(DATA EXTRACT)

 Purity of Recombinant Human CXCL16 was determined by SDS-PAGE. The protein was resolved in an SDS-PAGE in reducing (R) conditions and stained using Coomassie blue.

(End DATA EXTRACT)
(DATA EXTRACT)

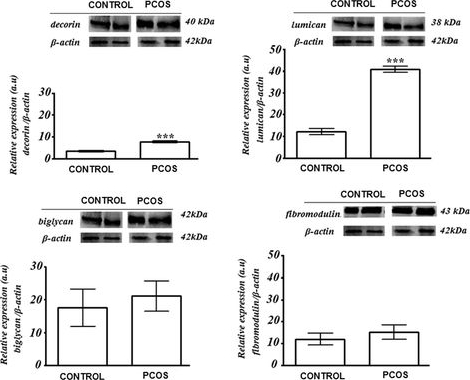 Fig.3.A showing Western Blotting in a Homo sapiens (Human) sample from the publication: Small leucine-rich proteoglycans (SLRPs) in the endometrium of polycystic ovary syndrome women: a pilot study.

(End DATA EXTRACT)
(DATA EXTRACT)

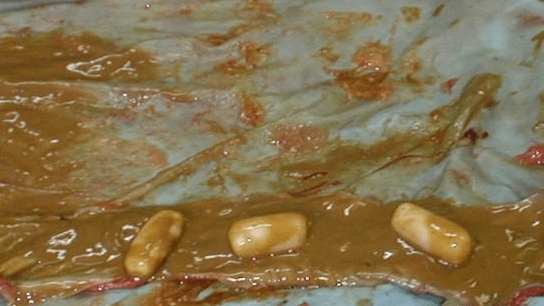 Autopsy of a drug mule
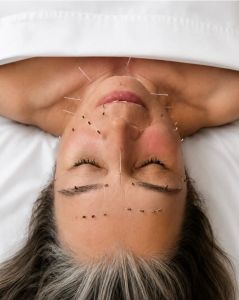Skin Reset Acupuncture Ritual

(End DATA EXTRACT)

## WHAT TO DO
Within the entries above, the lines from the one containing "Autopsy of a drug mule" through the one containing "Skin Reset Acupuncture Ritual" are to be transcribed exactly, ends included, pictures excluded.

## ANSWER BOX
 Autopsy of a drug mule
Skin Reset Acupuncture Ritual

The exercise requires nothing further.